START Data for the task

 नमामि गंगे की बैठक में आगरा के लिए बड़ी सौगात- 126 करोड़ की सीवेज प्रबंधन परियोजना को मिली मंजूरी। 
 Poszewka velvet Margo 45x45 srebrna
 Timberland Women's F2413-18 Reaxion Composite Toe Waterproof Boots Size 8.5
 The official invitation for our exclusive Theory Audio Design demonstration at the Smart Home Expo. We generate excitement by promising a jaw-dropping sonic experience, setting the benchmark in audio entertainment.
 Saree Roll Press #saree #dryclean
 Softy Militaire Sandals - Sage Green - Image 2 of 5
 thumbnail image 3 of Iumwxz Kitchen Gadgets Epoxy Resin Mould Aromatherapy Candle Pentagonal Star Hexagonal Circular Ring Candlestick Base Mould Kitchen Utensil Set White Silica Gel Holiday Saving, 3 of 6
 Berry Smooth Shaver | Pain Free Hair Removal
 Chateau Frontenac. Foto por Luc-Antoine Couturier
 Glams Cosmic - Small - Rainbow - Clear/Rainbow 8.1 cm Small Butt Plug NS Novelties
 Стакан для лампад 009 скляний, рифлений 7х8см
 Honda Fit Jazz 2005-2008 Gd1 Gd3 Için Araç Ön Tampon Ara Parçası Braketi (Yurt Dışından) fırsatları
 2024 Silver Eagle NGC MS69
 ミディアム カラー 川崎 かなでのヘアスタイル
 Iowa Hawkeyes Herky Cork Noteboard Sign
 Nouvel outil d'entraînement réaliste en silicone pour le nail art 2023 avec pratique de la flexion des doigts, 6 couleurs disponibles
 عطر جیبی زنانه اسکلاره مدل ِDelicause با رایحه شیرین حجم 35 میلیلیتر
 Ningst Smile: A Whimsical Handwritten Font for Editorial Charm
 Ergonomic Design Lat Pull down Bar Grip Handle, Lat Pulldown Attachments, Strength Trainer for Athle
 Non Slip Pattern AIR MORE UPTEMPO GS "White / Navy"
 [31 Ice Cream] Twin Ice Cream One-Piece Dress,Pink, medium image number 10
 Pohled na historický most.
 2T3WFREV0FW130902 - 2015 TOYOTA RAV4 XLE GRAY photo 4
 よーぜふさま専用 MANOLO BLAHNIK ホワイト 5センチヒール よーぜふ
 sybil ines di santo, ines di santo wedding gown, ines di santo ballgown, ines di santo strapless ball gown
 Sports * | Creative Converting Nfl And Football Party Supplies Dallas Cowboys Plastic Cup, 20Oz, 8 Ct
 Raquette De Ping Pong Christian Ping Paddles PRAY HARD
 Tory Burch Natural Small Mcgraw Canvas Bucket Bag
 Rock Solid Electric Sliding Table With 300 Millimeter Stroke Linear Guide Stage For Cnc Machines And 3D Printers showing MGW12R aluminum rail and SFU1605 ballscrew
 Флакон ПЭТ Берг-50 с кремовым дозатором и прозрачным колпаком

END Data for the task

**Requirement**
Could you return the lines in the entries above that contain "Small"?

**Exercise output**
 Glams Cosmic - Small - Rainbow - Clear/Rainbow 8.1 cm Small Butt Plug NS Novelties
 Tory Burch Natural Small Mcgraw Canvas Bucket Bag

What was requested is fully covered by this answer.